Arts News Sunday 4 February 2024

From Culture 101, 1:57 pm on 4 February 2024

Art mega-event - the Venice Biennale has announced the artists participating in their 2024 showcase international exhibition, Foreigners Everywhere. It will include eight respected Māori artists, including three senior figures - Sandy Adsett, Fred Graham amd Selwyn Wilson. Celebrated sculptor Brett Graham and the Mataaho art collecitve, whose giant Te Papa installation was deinstalled this week - will also participate. 

It's a busy time in HR for two key national cultural organisations. 

Following the departure of Experience Wellington CEO Sarah Rusholme late last year - who led a controversial restructure of the organisation - there have been two more departures from the senior leadership team - Chief operating officer Louise Saviker and Director of Art and Heritage Elizabeth Caldwell. 

Caldwell has been director of City Gallery since 2012 and will leave March 1. She moves on to Napier City Council to be Manager Arts, Culture and Heritage. 

This all follows in October Experience Wellington closing Capital E, the national theatre for children after 25 years. Experience Wellington are also responsible for managing institutions such as the gallery and Wellington Museum.

Staying with departures - two key programmers have left Whānau Mārama New Zealand International Film Festival. China/East Asia programmer Vicco Ho announced her resignation on social media, but perhaps the biggest blow is the departure of Ant Timpson who has worked with the festival for more than 30 years. Timpson has suggested the festival needs a major restructure - something the festival itself indicated with its November publication of a 10-year strategy.

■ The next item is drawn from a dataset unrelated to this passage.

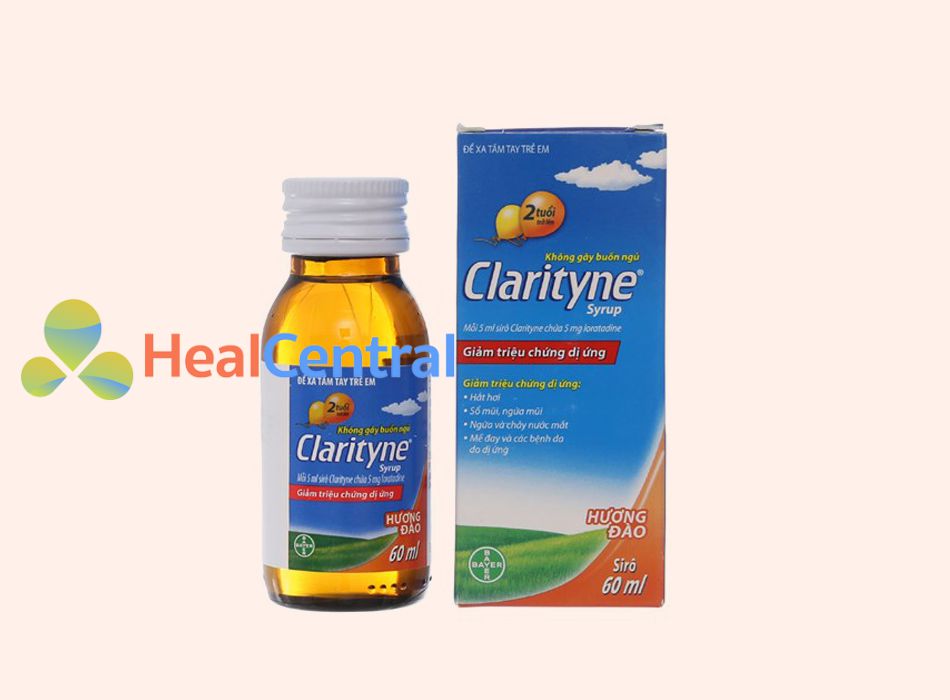 Clarityne siro 60ml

Former Christchurch film-maker and musician Jonathan Ogilvie's film Head South played at the Rotterdam International Film Festival last week to a long standing ovation, and some solid reviews. The semi-autobiographical film tells the story of Angus, whose life is changed by punk rock while at high school in Christchurch in 1979. No release date has been set yet. 

The 2024 Ockham New Zealand Book Awards longlists have been released. Twelve of the 44 longlisted books are by first-time authors, and they are published by a record number of 20 individual publishing houses across the motu. 

Alongside the first-time authors, the Jann Medlicott Acorn Prize for Fiction includes relative heavyweights like Pip Adam, Anna Samill, Eleanor Catton, Catherine Chidgey and Emily Perkins, illustrating 2023 was quite a year for women in Aotearoa fiction.


Finally we were saddened to hear of the death of dynamic sculptor Warren Viscoe in late January. Highly regarded, Viscoe had a survey exhibition at the Dowse Art Musuem in 1997. 

Curator Justin Paton once said: "Walk into a gallery filled with Warren Viscoe's sculptures and you enter a working forest, a structure of structures, a meditation on landscape and memory that is told in planks and branches and wire and know-how."